:: ABOUT THIS EXERCISE ::
Only those lines in the data below from the line containing "九游体育app官网正股最新价为10.47元-九游体育「中国」官方网站 登录入口 IOS/安卓通用版/手机app下载" through the line containing "Boş Yere Dolmuşum", both included, should be restated word for word.

:: GIVEN ENTRIES ::
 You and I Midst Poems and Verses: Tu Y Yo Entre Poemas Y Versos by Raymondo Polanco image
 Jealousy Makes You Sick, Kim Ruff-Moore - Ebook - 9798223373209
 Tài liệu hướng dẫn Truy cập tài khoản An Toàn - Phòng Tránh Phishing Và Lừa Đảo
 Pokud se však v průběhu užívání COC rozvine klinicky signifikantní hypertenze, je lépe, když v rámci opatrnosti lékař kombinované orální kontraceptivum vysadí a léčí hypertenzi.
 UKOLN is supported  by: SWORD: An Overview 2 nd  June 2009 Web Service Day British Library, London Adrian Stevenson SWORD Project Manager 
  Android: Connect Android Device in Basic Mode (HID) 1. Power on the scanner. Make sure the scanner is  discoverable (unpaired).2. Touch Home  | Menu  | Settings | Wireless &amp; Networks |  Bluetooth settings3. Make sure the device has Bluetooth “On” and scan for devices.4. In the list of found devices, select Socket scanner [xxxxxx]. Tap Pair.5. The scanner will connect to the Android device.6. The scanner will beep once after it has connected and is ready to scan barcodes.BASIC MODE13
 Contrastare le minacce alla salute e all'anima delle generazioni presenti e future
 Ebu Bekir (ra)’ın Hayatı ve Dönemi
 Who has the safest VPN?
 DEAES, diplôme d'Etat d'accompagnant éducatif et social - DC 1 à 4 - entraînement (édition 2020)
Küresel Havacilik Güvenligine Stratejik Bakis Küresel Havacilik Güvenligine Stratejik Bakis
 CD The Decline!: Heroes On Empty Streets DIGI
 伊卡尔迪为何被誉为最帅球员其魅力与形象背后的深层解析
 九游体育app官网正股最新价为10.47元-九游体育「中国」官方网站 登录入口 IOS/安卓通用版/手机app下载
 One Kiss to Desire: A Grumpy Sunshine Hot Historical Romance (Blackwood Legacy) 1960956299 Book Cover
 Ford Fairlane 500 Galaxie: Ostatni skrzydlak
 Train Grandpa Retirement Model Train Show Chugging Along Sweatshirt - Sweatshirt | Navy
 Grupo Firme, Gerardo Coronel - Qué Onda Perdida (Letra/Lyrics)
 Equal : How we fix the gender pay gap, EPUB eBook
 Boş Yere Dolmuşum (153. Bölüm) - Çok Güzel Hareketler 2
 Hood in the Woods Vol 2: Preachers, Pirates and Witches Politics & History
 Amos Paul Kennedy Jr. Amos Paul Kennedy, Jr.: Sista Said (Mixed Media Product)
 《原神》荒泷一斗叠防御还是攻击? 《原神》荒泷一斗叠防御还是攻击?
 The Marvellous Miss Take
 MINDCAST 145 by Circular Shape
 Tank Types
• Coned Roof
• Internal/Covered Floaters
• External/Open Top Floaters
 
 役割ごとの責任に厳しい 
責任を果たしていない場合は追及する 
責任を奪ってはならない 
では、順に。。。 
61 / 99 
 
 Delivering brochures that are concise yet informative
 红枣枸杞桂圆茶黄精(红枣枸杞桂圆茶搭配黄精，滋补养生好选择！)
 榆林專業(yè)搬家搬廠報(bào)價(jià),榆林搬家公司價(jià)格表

:: EXERCISE ANSWER ::
 九游体育app官网正股最新价为10.47元-九游体育「中国」官方网站 登录入口 IOS/安卓通用版/手机app下载
 One Kiss to Desire: A Grumpy Sunshine Hot Historical Romance (Blackwood Legacy) 1960956299 Book Cover
 Ford Fairlane 500 Galaxie: Ostatni skrzydlak
 Train Grandpa Retirement Model Train Show Chugging Along Sweatshirt - Sweatshirt | Navy
 Grupo Firme, Gerardo Coronel - Qué Onda Perdida (Letra/Lyrics)
 Equal : How we fix the gender pay gap, EPUB eBook
 Boş Yere Dolmuşum (153. Bölüm) - Çok Güzel Hareketler 2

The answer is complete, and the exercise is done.